Parameter: linejunk and charjunk, by default, are set to value None

linejunk – accepts a single argument and return True if string is junk. Default value is None if not junk.
charjunk – accepts a single character argument and return True if character is junk. Default value is None if not junk.

compare(firstString, secondString) – compare functions compares two sequences of the line are returns their differences or deltas. Sequences must have a newline character(‘\n’) at the end.

from difflib import Differ
import sys

differ_inst = Differ()

string1 = """This is a random string.
 Lets call it string 1. 
 This is so random
 """.splitlines(keepends=True)

string2 = """This is a random string.
 Lets call it string 2. 
 This is so random.
 Or mayble not, or is it.
 """.splitlines(keepends=True)

deltas = list(differ_inst.compare(string1,string2))
sys.stdout.writelines(deltas)

Let’s try to breakdown the code above:

Firstly we import differ from difflib and sys module.
Secondly, differ instance/object named differ_inst.
string1 and string2 stores the lists of individual spilt lines.
After converting the generator returned by the compare function to a list, it is displayed on the screen using sys module’s writelines method, one at a time.

Output of differ method — The output of differ method

In the output image above ‘ – ‘, ‘ + ‘, & ‘ ‘ represents lines of string1 , string2 and the common lines of string1 and string2 respectively.

SequenceMatcher class

SequenceMatcher compares two sequences and returns how close they are. We will try to demonstrate using some examples.

Syntax: SequenceMatcher(isjunk=None,a=”, b=”, autojunk=True)

isjunk – Accepts a function as an argument. The function takes a single element of sequence as input and returns True if it is junk then False. The default value is None.
autojunk – Accepts boolean value as argument. If True, enables auto junk finding functionality.

Let’s discuss popular sequence matcher methods:

ratio

It returns the similarity of sequence as a floating-point value in the range 0-1(both inclusive).

import difflib
from difflib import SequenceMatcher

string_one = 'He is right'
string_two = 'He was right'
seq_ratio = SequenceMatcher(a=string_one,b=string_two)
print(f"SequenceMatcher ratio: {seq_ratio.ratio()}")

Ratio of match of sequences — Match ratio of sequences

Difference between difflib’s ratio, quick_ratio, real_quick_ratio?

The three methods return the ratio of matching to total characters. They have different levels of approximations. As a result, quick_ratio() and real_quick_ratio() might vary with the result of ratio(). However, they are as large as the ratio().

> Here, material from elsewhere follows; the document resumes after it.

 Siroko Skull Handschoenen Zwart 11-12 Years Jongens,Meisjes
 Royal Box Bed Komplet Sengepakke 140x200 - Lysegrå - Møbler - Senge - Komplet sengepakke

sequence = SequenceMatcher(None, "abcd", "bcde")
print(s.ratio())
print(s.quick_ratio())
print(s.real_quick_ratio())

difference between ratio, quick_ratio, and real_quick_ratio

Difflib’s Ratio vs Levenshtein

Levenshtein – utilizes levenshtein algorithm to compute the minimum number of edits required to transform one string into the other.
difflib’s ratio – utilizes Ratcliff/Obershelp algorithm. Computes the doubled number of matching characters divided by the total number of characters in the two strings.

import Levenshtein
import difflib

print(Levenshtein.ratio('united states of america','america'))
print(difflib.SequenceMatcher(None,'united states of america','america').ratio())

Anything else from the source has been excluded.